Try it with coins: First, flip a nickel and a dime. There quite clearly are four possibilities: (N=H, D=H), (N=H, D=T), (N=T, D=H), and (N=T, D=T). Each, also quite clearly, has a probability of 1/4; so the probability of two heads is 1/4, the probability of two tails is 1/4, and the probability of one of each is 1/2.
Then repeat the same experiment with two absolutely identical quarters. There now seem to be three combinations we can discern: (Both H), (Both T), and (one H and one T). But do you really think the odds change to 1/3 for each combination just because the coins are now identical? I certainly hope not. Even though you can't see the difference between the coins, they still are different coins, and the ways that the different combinations can occur still depend on that difference.
When we count possibilities for two-child families, age-order matters only because we have to acknowledge that the two children are different from each other.
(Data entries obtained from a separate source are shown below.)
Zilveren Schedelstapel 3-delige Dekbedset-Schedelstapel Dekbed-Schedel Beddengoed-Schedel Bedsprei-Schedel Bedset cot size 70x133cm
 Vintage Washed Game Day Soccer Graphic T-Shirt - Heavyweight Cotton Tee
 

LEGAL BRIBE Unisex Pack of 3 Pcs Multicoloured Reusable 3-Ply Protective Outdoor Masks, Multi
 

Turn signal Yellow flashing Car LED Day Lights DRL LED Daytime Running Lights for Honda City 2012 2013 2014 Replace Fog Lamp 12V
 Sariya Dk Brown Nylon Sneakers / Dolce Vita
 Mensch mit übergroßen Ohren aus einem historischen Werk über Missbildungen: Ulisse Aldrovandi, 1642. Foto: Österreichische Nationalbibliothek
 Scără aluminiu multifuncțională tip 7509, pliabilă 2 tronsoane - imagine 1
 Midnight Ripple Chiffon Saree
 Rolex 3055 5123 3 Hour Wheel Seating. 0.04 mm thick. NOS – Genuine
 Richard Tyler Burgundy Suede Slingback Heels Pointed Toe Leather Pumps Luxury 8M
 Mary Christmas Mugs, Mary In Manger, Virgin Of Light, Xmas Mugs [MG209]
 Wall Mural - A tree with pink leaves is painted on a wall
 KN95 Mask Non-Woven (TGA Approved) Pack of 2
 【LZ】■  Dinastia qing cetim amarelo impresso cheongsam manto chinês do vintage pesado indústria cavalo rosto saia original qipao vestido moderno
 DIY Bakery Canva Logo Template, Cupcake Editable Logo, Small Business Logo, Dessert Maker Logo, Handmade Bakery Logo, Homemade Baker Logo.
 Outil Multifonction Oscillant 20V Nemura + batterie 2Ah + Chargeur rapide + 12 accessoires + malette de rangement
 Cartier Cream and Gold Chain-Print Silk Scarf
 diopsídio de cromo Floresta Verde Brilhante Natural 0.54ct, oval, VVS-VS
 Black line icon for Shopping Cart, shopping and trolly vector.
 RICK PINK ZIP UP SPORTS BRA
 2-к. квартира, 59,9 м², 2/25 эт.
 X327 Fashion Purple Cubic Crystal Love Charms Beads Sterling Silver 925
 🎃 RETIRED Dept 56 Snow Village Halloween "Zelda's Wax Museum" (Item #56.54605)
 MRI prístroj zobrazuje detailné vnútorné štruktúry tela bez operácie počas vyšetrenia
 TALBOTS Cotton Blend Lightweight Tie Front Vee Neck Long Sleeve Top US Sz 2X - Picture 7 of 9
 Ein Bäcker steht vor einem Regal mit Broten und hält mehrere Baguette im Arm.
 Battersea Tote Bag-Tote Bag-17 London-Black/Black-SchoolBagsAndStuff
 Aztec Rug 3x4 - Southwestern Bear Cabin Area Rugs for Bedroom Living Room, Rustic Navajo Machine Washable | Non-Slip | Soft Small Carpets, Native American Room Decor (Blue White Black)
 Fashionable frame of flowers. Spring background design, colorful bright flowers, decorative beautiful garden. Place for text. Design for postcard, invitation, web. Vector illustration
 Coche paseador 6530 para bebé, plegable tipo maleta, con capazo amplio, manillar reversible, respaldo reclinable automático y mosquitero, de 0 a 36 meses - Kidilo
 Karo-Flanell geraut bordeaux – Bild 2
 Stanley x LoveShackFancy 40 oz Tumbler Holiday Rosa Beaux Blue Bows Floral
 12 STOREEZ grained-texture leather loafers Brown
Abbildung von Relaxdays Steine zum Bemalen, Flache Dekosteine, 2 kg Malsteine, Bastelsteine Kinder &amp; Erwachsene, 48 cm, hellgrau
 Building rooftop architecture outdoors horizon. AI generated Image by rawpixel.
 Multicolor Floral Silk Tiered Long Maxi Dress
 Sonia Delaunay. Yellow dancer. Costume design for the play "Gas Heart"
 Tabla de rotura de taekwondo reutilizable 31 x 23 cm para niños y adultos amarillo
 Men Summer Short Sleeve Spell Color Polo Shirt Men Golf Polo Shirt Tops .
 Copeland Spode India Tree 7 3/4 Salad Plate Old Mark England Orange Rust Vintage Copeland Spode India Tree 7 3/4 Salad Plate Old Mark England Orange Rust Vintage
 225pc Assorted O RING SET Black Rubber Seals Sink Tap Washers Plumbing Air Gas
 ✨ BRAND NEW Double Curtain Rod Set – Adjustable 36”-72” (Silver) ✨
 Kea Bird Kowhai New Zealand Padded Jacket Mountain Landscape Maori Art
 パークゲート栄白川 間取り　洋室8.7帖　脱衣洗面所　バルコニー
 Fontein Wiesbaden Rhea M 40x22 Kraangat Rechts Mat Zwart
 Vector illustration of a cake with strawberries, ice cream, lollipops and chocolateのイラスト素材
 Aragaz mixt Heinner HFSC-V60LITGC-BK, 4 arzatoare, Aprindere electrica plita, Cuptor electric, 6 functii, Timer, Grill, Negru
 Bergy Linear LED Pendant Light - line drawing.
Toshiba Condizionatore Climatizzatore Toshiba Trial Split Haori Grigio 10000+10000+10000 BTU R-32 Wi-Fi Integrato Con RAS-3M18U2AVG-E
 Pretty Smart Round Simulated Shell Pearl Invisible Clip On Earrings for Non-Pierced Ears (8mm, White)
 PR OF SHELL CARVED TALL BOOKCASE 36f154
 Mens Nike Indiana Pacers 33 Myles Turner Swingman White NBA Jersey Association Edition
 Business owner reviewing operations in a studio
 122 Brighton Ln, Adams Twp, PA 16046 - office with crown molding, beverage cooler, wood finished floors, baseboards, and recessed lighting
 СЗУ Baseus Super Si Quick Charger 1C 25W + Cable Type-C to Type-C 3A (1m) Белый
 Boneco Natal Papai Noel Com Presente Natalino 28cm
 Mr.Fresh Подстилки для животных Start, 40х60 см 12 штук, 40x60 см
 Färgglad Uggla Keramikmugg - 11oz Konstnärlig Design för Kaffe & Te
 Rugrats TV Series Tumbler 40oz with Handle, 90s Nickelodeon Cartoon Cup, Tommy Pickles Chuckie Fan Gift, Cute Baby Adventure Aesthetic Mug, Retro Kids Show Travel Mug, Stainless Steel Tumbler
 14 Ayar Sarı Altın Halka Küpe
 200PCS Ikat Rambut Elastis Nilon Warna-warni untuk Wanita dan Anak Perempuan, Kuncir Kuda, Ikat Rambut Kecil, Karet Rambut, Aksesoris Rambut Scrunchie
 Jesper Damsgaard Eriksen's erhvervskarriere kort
Even if we aren't given any information that distinguishes them, that difference still matters.
But as for the probability paradox you mentioned, the answer depends on how you "know" that one is a boy. If it is because you asked if the family had any boys, then every BB, BG, or GB family would answer "yes" and the answer is 1/3. But if you learned that fact incidentally, then you could have learned a BG of GB family has a girl. You can only count half of them, and the answer is 1/2.